GE Aerospace leva contrato para motor do míssil JASSM

Segundo o Investing.com Brasil, a GE Aerospace venceu um contrato da Força Aérea para o míssil JASSM (Joint Air-to-Surface Standoff Missile). O acordo, que não teve valores divulgados na matéria original, coloca a gigante como fornecedora-chave de propulsão para uma das armas mais estratégicas do arsenal americano.
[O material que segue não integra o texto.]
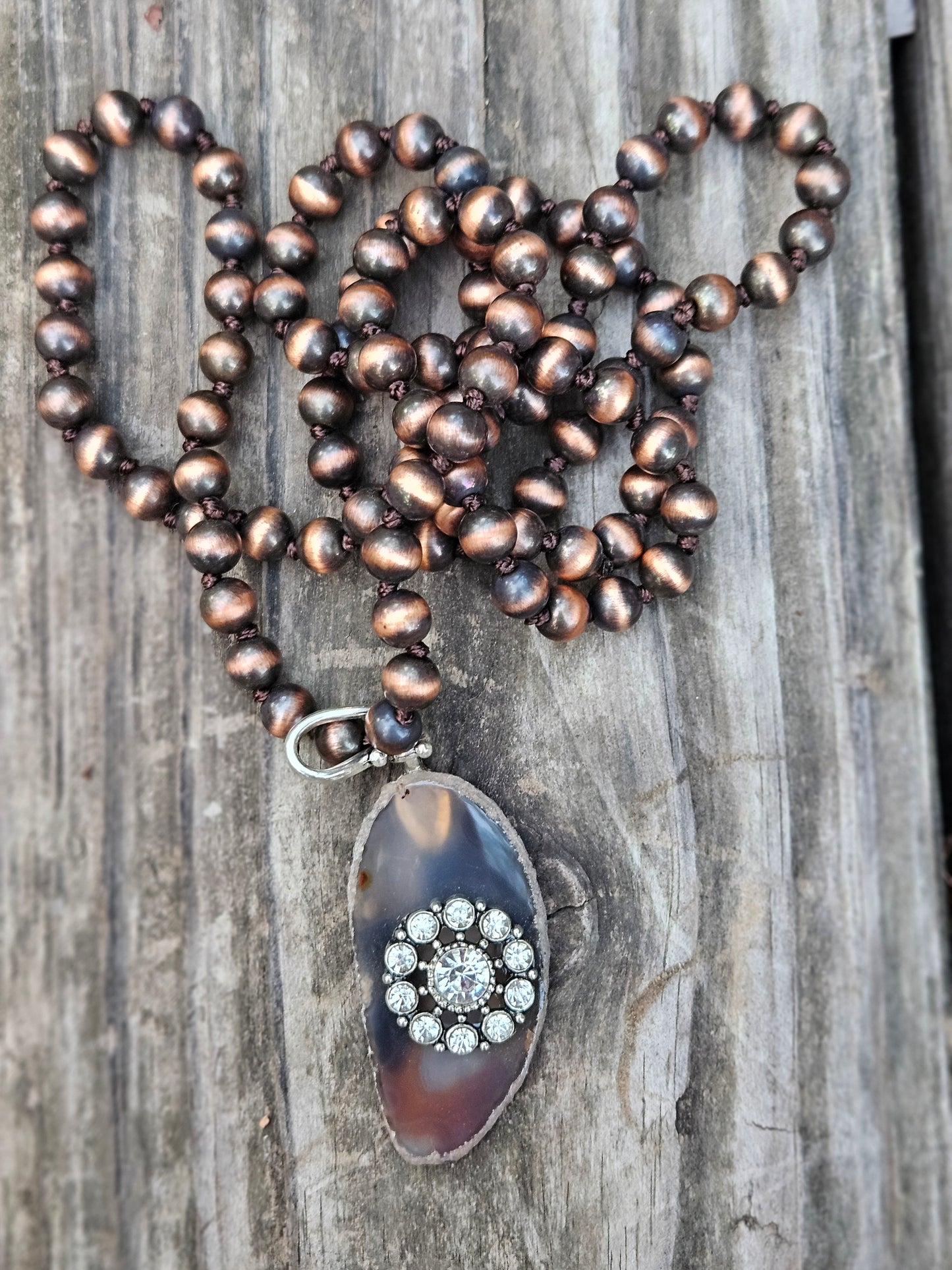 Translucent Brown/Gray Agate Stone with Rhinestone Center Pendant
O JASSM é um míssil de cruzeiro furtivo, capaz de atingir alvos a longa distância com precisão.

Enquanto os EUA investem pesado em mísseis de precisão, a Rússia aposta em caças furtivos e a Austrália fecha um ciclo de treinamento com a aposentadoria do CT4A.

Rússia trata Su-57 como joia da coroa

O comandante da Força Aérea Russa destacou, em declaração reproduzida pelo AEROIN, que o caça Su-57 é 'elemento-chave para superioridade aérea'. O modelo de quinta geração é apontado como resposta russa ao F-22 e F-35 americanos, embora especialistas questionem sua produção em larga escala. A fala reforça a narrativa de Moscou de que o Su-57 está pronto para combate moderno, mesmo com números limitados.
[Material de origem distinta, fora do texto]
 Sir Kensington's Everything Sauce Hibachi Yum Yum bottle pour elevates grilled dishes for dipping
Austrália dá adeus ao CT4A Airtrainer

Já a Força Aérea Australiana aposentou seu último CT4A Airtrainer, conforme a Revista Força Aérea. O turboélice, usado por décadas no treinamento básico de pilotos, sai de cena para dar lugar a plataformas mais modernas. O movimento faz parte de uma atualização mais ampla da força aérea do país, que busca eficiência e novas tecnologias para formação de aviadores.

A semana mostra que as forças aéreas ao redor do mundo seguem em ritmo acelerado de modernização, com contratos bilionários, declarações de poderio e despedidas simbólicas. Para quem acompanha o setor, cada detalhe pode indicar os rumos da defesa global.